A Brief Account on Nükhet Ruacan’s Life, Art and Legacy
It was spring time in 1989 when I first heard the fabulous Nükhet Ruacan live. Mostly I’m not good at remembering the exact dates or years but this time I had the chance to check it out with my mates from the university as we were assigned a hotel project at that time as a part of our architectural design course and we were visiting Istanbul to see some selected sites. I was in my spring time too, barely twenty and I was looking forward to any opportunity that would serve my fresh enthusiasm for jazz. After a long day of walking around the city our instructors gave us some free time before going back to the hotel, advising and requiring from us to stay in groups, we were some young and naive students from Ankara after all. Being girls in majority, it wasn’t difficult to convince a small group to come with me to Divan hotel to listen to some live jazz from Ruacan family at the Divan hotel. Nükhet Ruacan was singing while Neşet Ruacan was playing the guitar, Nilüfer (then was Ruacan now Verdi) was on the piano, Oğuz Durukan namely Charlie was on the bass and Deniz Dündar was on the drums. I was so shy then to introduce myself but that night always stayed in my memory as one of pure thrill and excitement.
From then on I listened to her whenever I could and had the honor and privilege to become acquainted more and more in the following years to come. She was the living legend of jazz singing in Turkey through all her career and definitely a role model for any youngster who was willing to follow her footsteps. First and foremost her elegance was spectacular, whether it would be through her performance or her outlook. I remember watching her with eyes and ears wide open not only because of her mastery in singing technique but also for the grace in her manners, in the way she used to dress, the delicacy of the very thin eye line she used to make and witnessing how red was becoming her, let it be a lipstick or a glamorous evening outfit. She took everything about singing seriously. After she passed away Nilüfer was expressing her frustration several times, that she was not able to comprehend why singers weren’t making warm-ups any more and told us how Nükhet was spending a fairly long time before any gig and how respectful she was to her profession in that manner. There’s no doubt that she’s been missing her immensely, maybe a bit more than the rest of us. I believe they were like genuine sisters, not only being the official sisters-in-law. I always admired and thought how supportive it would be to be surrounded by such amazing musicians as Nilüfer and Neşet Ruacan, her brother, who is the milestone of jazz guitar in Turkey. Now as I grow older I realize that the most difficult audience for anyone in performing arts is one’s own family and being surrounded by such a family while performing might have its own pros and cons
Looking at the old photos of the Ruacan family and their gang of friends from Moda from the 70’s -some of them I had the opportunity to get to know- one can not help but be nostalgic about the past. Apparently life in Istanbul was much more peaceful and beautiful then, so were the people and their relations in-between themselves and to their multi-faceted passions, including jazz. In the beginning of her career Nükhet Ruacan was singing popular tunes in this warm environment in Istanbul but later on her musical journey led her way to jazz. In 70’s she was in Europe, in Switzerland, then to Norway where she sang along with veteran musicians like Emin Fındıkoğlu and Tommy Dodd. In 1979 she studied in the New York Conservatory of Music. Later on she gave concerts in China and US that were organized by Ministry of Culture.

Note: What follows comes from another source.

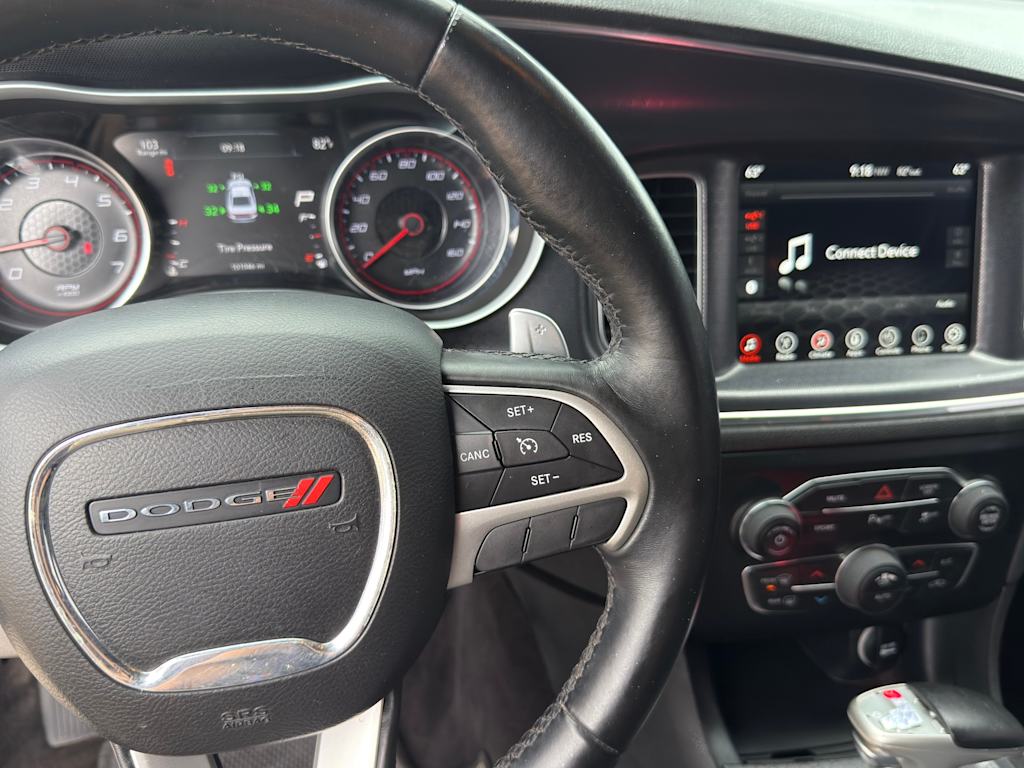 Thumbnail: 2017 Dodge Charger - 12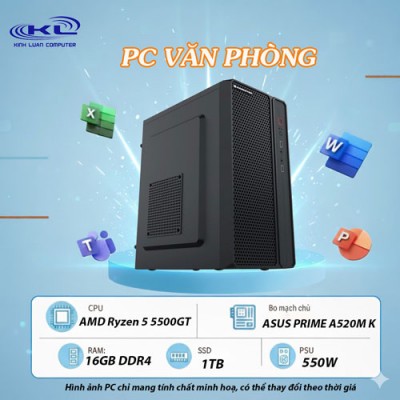 PC VĂN PHÒNG V7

She was teaching in the Bilgi University Jazz Department in her final years and she was feeling grateful to be able to do so, not only as she loved her students and found mentoring them very meaningful but as well for the financial hardship of the treatments she’d have otherwise after the diagnosis of leukemia. It should have been quite the opposite, anyone should have been more than grateful to have her. I cannot figure out any numeric coherence for someone who enriched herself artistically, intellectually and spiritually against all odds all through her lifetime and is sharing her knowledge and wisdom unrequitedly and with compassion.
I’ve been teaching for some time myself and one day we were in a discussion with one of the students. She was studying graphics but actually wanted to quit and to go to Europe to study classical singing. I was surprised as I found myself advising her to complete her studies first. I just sounded like a responsible adult -in fact I never knew whatever that meant- and I was wondering where on earth the rebellious girl I once were, was gone. I came back home, disappointed by myself and by coincidence -I wonder if there is any- I noticed the cd of Nükhet Ruacan with TRT Big Band. I took out the leaflet and read her short biography in there. Honestly speaking I didn’t know that she quit her studies in graphic arts to continue her career as a singer until that moment. Shame on me! I gave that CD as a present to my student as an encouragement and apologized from her for my previous comments. I told her ‘’Here is the proof, if Nükhet could do it, you can do it too. The effort is up to you.’’ That was what she was to us, to all her followers who kept singing jazz with dignity in Turkey. Any loss is too soon, hers is irreplaceable as well. Her legacy will always be present with us and she will be remembered by all her students, listeners and her loved ones as long as we live: Nükhet lives.